> **Exercise objective**
In the records that come next, find every line with "slow". Return those lines.

[Saved data entries]
◇ ◇ ◇ ◇ ◇ ◇ ◇

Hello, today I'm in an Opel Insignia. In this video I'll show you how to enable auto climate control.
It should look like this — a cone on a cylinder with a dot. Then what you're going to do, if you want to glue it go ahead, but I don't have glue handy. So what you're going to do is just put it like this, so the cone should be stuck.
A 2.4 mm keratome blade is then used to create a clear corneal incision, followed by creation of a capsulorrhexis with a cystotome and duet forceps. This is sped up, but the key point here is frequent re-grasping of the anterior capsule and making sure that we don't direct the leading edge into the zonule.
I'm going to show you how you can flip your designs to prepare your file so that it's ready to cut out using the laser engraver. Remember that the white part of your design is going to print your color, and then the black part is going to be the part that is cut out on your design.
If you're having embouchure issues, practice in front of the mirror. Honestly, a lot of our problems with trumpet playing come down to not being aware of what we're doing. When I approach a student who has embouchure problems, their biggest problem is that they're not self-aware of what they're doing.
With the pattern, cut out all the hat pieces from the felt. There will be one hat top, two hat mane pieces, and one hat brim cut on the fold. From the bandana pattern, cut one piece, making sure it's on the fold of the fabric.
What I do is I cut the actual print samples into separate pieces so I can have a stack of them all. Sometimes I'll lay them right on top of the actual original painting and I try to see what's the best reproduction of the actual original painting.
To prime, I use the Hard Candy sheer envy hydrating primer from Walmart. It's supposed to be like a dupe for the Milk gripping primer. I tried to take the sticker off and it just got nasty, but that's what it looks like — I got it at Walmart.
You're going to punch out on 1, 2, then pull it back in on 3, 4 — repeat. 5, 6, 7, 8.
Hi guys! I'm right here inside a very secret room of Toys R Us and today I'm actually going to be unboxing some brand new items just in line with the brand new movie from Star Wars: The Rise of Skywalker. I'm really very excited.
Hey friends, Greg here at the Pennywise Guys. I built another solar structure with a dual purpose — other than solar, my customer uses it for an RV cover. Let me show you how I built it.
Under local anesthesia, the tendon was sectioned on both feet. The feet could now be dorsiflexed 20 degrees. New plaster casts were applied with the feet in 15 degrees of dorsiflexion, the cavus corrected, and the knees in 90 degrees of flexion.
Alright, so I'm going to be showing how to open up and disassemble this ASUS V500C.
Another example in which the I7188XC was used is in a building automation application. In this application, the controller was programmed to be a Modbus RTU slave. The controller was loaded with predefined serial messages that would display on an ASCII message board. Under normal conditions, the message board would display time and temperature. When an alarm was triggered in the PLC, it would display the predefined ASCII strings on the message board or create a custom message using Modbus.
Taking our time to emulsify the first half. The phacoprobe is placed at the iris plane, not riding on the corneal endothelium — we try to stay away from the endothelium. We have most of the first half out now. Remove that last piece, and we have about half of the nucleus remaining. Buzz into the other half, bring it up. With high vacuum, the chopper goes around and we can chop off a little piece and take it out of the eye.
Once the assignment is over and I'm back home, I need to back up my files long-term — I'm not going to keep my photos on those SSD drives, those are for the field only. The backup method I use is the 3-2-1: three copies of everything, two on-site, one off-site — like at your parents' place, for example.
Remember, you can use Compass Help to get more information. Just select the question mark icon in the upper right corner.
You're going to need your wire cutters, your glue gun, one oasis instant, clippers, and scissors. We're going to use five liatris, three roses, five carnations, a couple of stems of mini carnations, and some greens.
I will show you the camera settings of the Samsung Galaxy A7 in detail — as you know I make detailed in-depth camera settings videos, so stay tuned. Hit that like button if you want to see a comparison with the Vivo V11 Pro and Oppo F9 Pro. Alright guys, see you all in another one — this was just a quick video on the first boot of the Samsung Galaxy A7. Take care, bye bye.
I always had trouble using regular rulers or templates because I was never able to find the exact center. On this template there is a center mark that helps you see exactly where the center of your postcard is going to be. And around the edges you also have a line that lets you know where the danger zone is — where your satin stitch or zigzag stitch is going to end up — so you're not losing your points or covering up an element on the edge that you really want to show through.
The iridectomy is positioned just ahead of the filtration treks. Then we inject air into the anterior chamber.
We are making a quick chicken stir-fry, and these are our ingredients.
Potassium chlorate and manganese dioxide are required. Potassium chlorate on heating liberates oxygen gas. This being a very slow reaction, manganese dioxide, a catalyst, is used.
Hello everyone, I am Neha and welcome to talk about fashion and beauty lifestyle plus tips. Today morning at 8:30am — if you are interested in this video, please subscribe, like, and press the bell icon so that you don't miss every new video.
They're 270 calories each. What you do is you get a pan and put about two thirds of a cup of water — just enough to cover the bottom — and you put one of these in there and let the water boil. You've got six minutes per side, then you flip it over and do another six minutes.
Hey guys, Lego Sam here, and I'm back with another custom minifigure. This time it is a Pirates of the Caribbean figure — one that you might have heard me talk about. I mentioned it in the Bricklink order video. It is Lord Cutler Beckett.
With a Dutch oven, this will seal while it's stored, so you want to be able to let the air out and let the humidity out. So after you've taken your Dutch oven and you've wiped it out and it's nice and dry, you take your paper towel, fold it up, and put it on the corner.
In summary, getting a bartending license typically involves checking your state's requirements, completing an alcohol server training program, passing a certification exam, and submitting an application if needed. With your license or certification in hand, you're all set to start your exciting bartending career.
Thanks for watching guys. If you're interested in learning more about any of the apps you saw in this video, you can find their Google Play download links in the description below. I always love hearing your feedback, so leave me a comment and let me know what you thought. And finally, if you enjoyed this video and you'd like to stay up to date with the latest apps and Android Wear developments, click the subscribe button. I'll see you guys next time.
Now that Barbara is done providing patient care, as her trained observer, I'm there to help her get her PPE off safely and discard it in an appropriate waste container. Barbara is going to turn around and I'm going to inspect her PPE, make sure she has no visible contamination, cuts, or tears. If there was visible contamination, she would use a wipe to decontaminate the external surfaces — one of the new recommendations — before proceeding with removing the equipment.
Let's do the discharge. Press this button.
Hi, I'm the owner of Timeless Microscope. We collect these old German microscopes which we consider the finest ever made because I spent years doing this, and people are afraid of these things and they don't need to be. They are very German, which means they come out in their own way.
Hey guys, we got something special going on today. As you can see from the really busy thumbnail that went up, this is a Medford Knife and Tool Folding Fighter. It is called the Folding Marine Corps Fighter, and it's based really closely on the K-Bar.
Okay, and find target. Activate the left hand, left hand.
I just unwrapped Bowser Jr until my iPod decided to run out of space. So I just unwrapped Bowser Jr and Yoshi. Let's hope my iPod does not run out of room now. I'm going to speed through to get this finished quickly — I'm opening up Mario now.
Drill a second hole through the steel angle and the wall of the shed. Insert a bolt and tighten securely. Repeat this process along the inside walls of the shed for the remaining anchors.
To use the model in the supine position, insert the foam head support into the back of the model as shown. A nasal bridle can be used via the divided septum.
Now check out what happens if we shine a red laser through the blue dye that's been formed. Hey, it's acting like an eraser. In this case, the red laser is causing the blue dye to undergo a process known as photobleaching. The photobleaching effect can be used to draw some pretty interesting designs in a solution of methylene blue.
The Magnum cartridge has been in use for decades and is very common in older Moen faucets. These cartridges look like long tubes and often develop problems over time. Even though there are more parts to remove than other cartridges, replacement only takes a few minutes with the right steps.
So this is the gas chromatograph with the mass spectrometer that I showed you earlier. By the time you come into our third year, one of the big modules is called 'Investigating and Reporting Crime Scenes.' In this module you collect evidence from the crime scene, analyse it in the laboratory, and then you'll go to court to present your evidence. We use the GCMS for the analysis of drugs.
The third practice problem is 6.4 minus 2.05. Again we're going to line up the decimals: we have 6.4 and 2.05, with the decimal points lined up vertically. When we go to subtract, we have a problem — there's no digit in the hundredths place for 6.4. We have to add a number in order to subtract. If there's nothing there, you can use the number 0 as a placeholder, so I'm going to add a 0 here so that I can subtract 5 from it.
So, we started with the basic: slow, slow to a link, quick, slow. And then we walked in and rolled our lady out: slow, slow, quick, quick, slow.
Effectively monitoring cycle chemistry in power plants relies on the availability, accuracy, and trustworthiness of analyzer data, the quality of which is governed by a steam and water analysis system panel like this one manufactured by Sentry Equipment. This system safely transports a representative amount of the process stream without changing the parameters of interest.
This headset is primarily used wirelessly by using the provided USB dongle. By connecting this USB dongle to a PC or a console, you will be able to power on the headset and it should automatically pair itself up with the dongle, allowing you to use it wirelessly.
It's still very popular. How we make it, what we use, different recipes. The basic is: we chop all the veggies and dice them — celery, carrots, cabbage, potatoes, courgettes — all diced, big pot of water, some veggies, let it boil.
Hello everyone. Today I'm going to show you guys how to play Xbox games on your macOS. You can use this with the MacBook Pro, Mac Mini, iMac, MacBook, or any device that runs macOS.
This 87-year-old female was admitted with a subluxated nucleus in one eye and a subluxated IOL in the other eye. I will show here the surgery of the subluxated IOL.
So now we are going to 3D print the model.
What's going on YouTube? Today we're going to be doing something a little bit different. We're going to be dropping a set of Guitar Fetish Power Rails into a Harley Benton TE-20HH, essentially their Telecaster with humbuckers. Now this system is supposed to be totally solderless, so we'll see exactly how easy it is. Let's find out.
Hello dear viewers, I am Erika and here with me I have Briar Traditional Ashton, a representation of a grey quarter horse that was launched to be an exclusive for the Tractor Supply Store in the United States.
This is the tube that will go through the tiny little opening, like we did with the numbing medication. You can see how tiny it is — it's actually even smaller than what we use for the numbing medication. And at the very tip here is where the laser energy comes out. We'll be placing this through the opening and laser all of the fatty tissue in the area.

◇ ◇ ◇ ◇ ◇ ◇ ◇

> **Final answer**
Potassium chlorate and manganese dioxide are required. Potassium chlorate on heating liberates oxygen gas. This being a very slow reaction, manganese dioxide, a catalyst, is used.
So, we started with the basic: slow, slow to a link, quick, slow. And then we walked in and rolled our lady out: slow, slow, quick, quick, slow.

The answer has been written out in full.